The Revenant is a very aptly titled film that shows how real life frontiersman Hugh Glass (played by Leonardo DiCaprio) comes back from the dead. Based on reports of how he survived a bear attack and swam through a cold river, this man has more lives than a cat! Technically, he was at death’s door after the mauling, but as for what he’s become, this movie shows how he turns into a shadow of his former self. If it was not for his exceptional survival instincts, he would be six-feet under.
In this movie and not counting what’s not said about his life prior, he must be down to his last life by the film’s end. The only reason he lives is because he wants revenge upon the self-serving Fitzgerald (Tom Hardy). It’s because of him that he gets left for the vultures to eat. Unlike military training where it’s said that you never leave one of your own behind, this individual wanted Glass put out of his misery and left as carrion.
For the rest of the fur-trading expedition, Glass is important. He was most likely the tracker of this group and without him, the trappers may not have been able to communicate with the local tribes they run into. Unfortunately, that does not stop the Arikara nation; The chief is searching for his daughter, and he will command his forces to kill any white men they meet in his search. Although Glass’ married into the Pawnee tribe and has a son, that did not stop Arikara’s first sortie from razing the trader camp. They flee for their lives.
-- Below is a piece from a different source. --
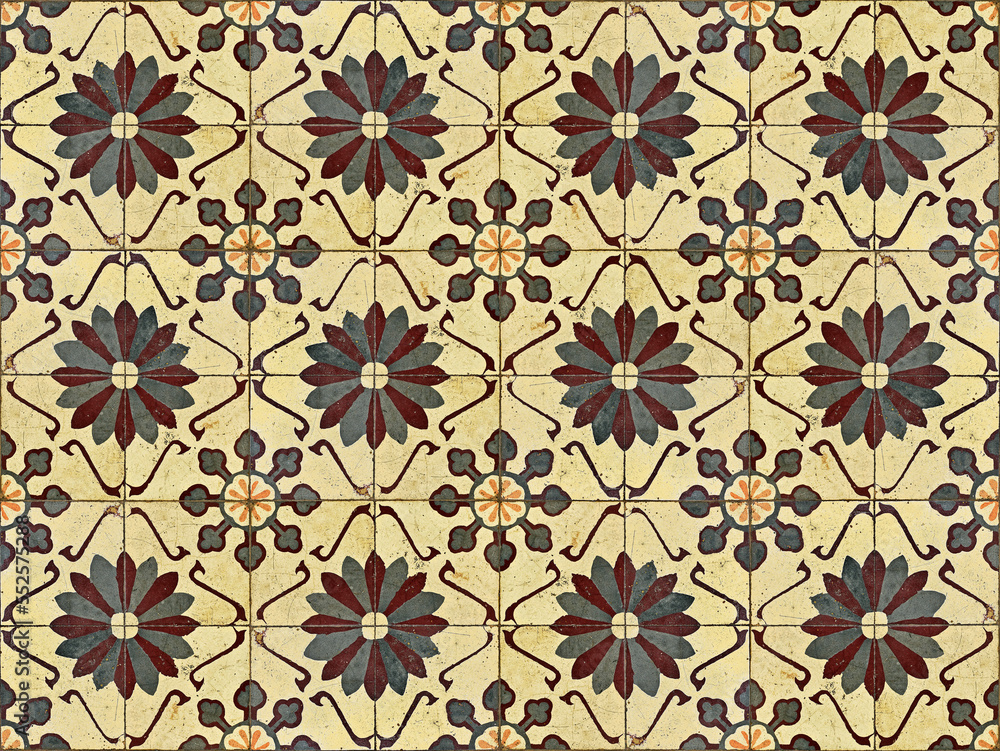 Ancient hydraulic tiles on floor in Teresopolis, Rio de Janeiro, Brazil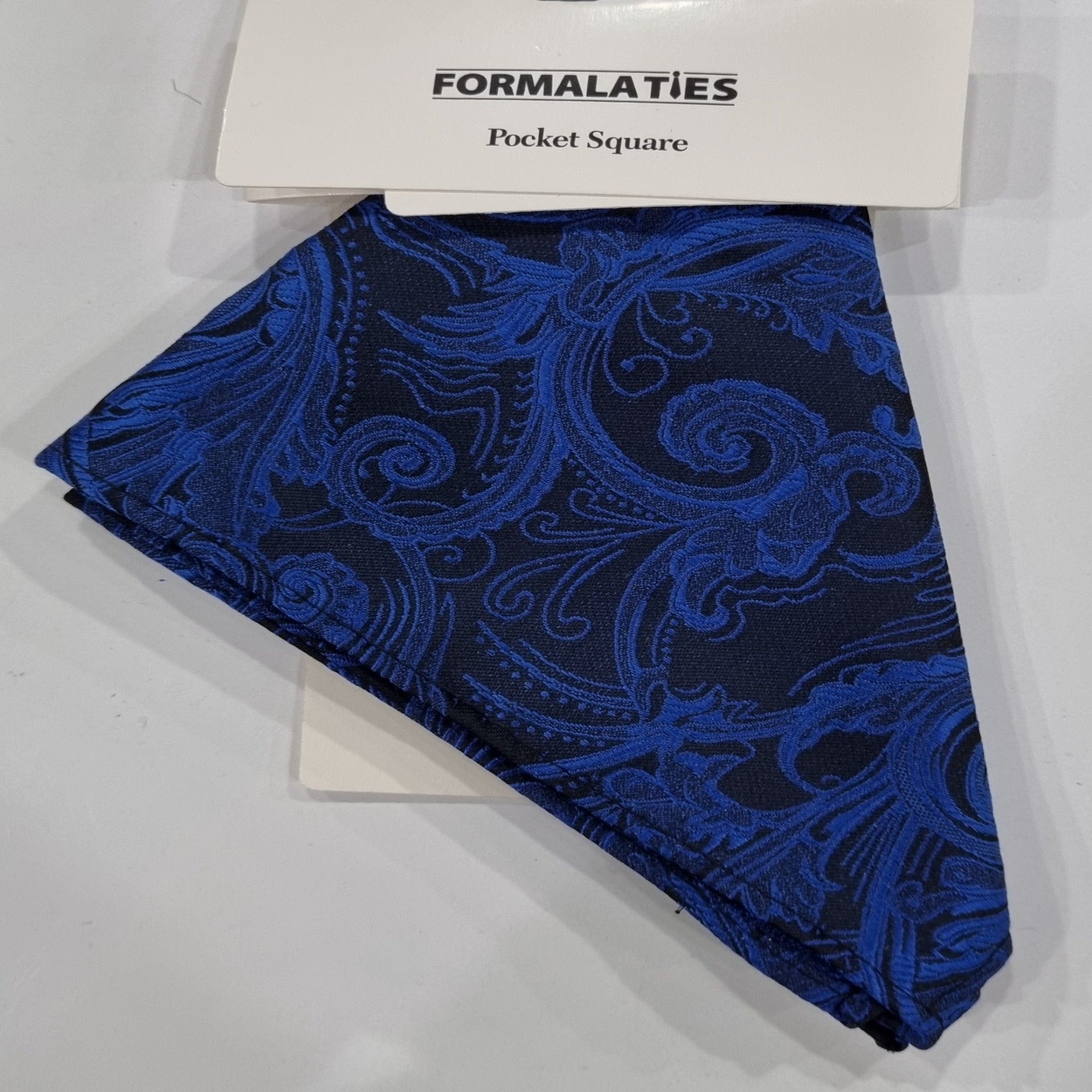 form paisley pocket square royal blue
This movie is not perfect because despite what was reported by The Hollywood Reporter about director Alejandro González Iñárritu not wanting to use CGI and green-screen, a bit of it was used in select instances to highlight a few ghostly details. This part of the story is left somewhat vague. The subplot where Glass sees his deceased wife (Grace Dove) and son, Hawke (Forrest Goodluck) has a mystique in its setup, and those scenes where he sees them is not fully explained through exposition. It’s all a dream for this hunter and it’s implied that he is standing at Death’s Door, waiting to be allowed in.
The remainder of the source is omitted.